Learning to Program with PyTorch: Exploring the Library for Neural Network Models#

The PyTorch library is, along with TensorFlow and JAX, one of the most popular libraries for programming neural network models at a low level. Since our goal is to understand and modify code that implements the transformer, it is essential that you learn how to use PyTorch. Since the library is written in Python, you also need to learn this programming language.

Note

This page is part of the series "A step-by-step guide to transformers," which presents a guide to understanding how neural networks process text and how to program them. It is also possible that you arrived here from another source (e.g., a specific course) that suggests a different way to use this content. In that case, follow the recommendations and planning provided by that source.

Python#

Python is currently the most widely used programming language in the field of natural language processing. To use PyTorch, you will need to know the fundamental elements of Python. It is a dynamic language, but it might not resemble other dynamic languages you know. However, it does not make sense to learn Python from scratch, as many basic elements of the language (loops, functions, classes, etc.) are not far from what you already know in other languages.

Machine learning courses often include an introduction to Python for programmers experienced in other languages. In this field, it is also very common to use scientific computing libraries such as NumPy. Although we will use more specific libraries like PyTorch, it shares many design principles with NumPy, so it is recommended that you also learn some NumPy.

Follow these tutorials. Use multiple sources to broaden your learning:

The tutorial "Python Numpy Tutorial (with Jupyter and Colab)" from the course "CS231n: Deep Learning for Computer Vision" by Stanford University. Note that at the top there is a badge saying "Open in Colab". Clicking it allows you to open a cloud-based Python environment where you can execute example code as a Python notebook.
The slides "Python Review Session" from the course "CS224n: Natural Language Processing with Deep Learning" by Stanford University. There is also a Python notebook you can download and upload to Google Colab.
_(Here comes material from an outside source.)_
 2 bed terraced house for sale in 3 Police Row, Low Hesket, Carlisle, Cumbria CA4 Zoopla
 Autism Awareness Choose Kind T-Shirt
When you need to delve deeper into or understand specific Python structures, consult the official Python documentation.

Notebooks#

The use of Jupyter and Google Colab notebooks is explained in sections 20.1 ("Using Jupyter Notebooks" ) and 20.4 ("Using Google Colab" ) of the book "Dive into Deep Learning."

PyTorch#

PyTorch is not initially an easy library to grasp. When first studying the code of a neural model programmed in PyTorch, you might not understand certain parts or deduce all the underlying implicit behavior. This is why an initial effort to study the library is necessary.
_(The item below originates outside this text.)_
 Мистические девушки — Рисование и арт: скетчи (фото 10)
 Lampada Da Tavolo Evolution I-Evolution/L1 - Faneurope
You can get a basic understanding of PyTorch fundamentals by following the brief PyTorch introduction included in the book "Dive into Deep Learning." Note that you can view the PyTorch examples on the website, or open a notebook in Colab or SageMaker Studio Lab. However, as mentioned, you will need to dig deeper into the library: for this, follow the over 2-hour video tutorial in this official PyTorch playlist. At a minimum, watch the first four videos ("Introduction to PyTorch," "Introduction to PyTorch Tensors," "The Fundamentals of Autograd," and "Building Models with PyTorch").

As a complement, you can also consult the official PyTorch tutorial. Be sure to select your version of PyTorch in the upper-left corner. This concise tutorial with simple examples on fitting the function \(a +bx + cx^2 + dx^3\) is particularly educational. Finally, when you need to delve deeper into a specific aspect of PyTorch, refer to the official PyTorch documentation.

Debugging#

Debugging is one of the best ways to uncover all the details of the code you are studying. It is important to feel comfortable with the debugging process. Below are some tips for debugging Python code using the VS Code environment, but similar instructions apply to other development environments.

To debug the current file, place one or more breakpoints in the code by clicking the small column to the left of the line numbers until a red mark appears. Then ensure the correct Python environment is selected in the bottom bar and run Run/Start Debugging (F5) from the menu. The code will run until it hits a breakpoint. You can step through the code using Run/Step Over or Run/Step Into, but you will save a lot of time by learning the corresponding keyboard shortcuts (F10 and F11, respectively). In addition to inspecting variables via the interface, you will find it very helpful to access the command palette (Help/Show All Commands or Ctrl+Shift+P) and show the debug terminal by typing Debug Console. In this terminal, you can run any Python code, for example:

View the type of a variable: type(learning_rate)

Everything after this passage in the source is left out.